MAYBE I SHOULDN'T TRY TO GET OUT MORE
So I'm at a concert a few nights ago, and some random guy sees a friend's digital camera and asks if he can use it to take a picture. Once he's told sure, he can try to get a picture of himself with the musicians, he shakes his head.
"No," he says, pointing at me. "I want a picture of that guy."
Now, when you're blessed with an Adonislike physique that quite often overshadows your incredible wit, you get used to this sort of request. Still, given the setting, it struck me as kind of odd. After a little questioning, he confessed. Twenty years ago, he told me, his college roommate "used to have your look..."
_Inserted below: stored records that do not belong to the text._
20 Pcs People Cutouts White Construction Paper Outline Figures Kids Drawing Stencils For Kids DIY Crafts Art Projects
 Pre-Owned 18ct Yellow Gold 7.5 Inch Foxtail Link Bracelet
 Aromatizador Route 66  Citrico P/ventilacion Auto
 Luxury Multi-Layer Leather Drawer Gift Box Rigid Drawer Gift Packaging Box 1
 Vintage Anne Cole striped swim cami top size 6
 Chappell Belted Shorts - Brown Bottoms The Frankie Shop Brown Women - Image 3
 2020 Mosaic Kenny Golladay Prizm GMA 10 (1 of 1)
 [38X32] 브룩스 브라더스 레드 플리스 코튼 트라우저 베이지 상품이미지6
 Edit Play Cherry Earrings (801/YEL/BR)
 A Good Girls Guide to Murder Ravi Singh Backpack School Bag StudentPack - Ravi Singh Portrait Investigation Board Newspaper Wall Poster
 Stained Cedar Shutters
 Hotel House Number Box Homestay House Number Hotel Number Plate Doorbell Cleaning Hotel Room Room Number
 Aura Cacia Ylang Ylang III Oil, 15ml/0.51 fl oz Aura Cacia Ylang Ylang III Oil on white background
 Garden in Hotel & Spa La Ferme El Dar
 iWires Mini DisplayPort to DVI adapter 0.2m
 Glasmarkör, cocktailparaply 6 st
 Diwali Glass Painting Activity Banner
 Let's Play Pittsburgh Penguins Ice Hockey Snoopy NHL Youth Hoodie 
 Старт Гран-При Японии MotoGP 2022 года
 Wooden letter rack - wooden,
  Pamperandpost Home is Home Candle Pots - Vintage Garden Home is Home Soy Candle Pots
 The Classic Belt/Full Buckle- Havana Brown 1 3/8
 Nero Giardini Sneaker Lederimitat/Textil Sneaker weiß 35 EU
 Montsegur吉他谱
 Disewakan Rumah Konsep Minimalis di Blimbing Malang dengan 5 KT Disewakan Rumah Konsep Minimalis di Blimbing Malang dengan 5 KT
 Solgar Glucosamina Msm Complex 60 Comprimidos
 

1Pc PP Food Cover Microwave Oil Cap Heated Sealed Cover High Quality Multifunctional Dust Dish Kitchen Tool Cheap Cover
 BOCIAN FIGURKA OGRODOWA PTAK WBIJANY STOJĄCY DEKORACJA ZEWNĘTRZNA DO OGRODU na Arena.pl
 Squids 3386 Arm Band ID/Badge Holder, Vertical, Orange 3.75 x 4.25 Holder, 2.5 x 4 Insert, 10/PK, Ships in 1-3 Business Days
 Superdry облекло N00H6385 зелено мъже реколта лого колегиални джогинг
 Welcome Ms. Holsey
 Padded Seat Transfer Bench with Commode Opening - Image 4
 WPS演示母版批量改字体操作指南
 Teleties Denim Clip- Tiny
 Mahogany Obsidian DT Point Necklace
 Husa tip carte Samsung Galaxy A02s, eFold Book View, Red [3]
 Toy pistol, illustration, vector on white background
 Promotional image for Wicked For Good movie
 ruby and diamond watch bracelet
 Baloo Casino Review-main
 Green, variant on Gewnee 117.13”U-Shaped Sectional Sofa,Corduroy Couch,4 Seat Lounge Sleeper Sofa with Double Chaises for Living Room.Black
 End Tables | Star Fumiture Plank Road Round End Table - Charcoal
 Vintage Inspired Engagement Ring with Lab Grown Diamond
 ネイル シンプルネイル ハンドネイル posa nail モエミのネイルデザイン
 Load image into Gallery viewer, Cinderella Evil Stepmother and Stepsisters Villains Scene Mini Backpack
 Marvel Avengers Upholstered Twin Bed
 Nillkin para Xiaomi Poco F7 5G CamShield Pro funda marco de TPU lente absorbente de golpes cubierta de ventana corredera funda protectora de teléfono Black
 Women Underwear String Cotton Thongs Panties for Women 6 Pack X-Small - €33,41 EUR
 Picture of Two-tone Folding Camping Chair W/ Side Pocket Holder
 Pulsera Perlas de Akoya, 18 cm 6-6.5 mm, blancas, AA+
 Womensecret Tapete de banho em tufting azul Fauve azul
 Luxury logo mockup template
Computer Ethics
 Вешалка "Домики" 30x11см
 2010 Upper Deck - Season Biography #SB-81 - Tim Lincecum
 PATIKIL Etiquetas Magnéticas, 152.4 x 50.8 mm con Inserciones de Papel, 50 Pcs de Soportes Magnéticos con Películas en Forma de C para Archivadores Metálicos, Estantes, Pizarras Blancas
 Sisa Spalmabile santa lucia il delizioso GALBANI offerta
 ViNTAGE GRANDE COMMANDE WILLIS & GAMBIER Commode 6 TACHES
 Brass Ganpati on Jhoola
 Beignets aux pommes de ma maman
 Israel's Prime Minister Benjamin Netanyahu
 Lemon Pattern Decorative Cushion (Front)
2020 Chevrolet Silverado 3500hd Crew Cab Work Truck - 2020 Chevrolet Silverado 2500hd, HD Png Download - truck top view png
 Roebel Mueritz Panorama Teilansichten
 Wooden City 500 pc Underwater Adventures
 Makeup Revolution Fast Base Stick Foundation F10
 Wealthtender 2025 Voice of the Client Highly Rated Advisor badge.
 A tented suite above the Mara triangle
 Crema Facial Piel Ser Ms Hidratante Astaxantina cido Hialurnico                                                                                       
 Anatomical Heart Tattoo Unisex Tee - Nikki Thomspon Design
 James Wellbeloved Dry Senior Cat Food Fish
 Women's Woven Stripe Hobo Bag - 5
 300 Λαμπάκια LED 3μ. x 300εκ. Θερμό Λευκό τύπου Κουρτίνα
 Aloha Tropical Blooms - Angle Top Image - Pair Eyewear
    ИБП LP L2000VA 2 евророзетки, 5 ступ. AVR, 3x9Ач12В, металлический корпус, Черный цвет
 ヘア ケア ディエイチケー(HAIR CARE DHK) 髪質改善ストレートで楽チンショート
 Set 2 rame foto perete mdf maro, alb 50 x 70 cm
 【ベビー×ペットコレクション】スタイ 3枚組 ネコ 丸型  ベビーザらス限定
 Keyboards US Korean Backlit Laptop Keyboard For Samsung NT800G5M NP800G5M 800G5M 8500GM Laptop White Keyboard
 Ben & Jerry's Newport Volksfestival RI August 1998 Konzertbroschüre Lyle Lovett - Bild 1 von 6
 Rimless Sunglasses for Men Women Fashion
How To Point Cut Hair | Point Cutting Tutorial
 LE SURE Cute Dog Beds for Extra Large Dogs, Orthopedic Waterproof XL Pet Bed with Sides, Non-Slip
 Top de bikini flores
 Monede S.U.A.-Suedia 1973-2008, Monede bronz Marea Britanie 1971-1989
Hmmm. Unless that sentence ended with "...but then there was that tragic incident with the pack of feral wolves and the overzealous Botox clinician," there's no way
that's good news.
Maybe I'm just a little oversensitive. In my pre-beard days, I've been compared to Rick Moranis by small children. Now that I have a beard, I've been compared to Michael Moore by
my own children. Quite a complement, I know, but the strange part is that I weigh about 140 pounds.
Lest you think this guy was trying to get a picture for a fake passport or something, he did mention his friend's name, and I did, of course, Google it. While I don't think
this guy was his style-challenged roommate, it's yet another flattering comparison.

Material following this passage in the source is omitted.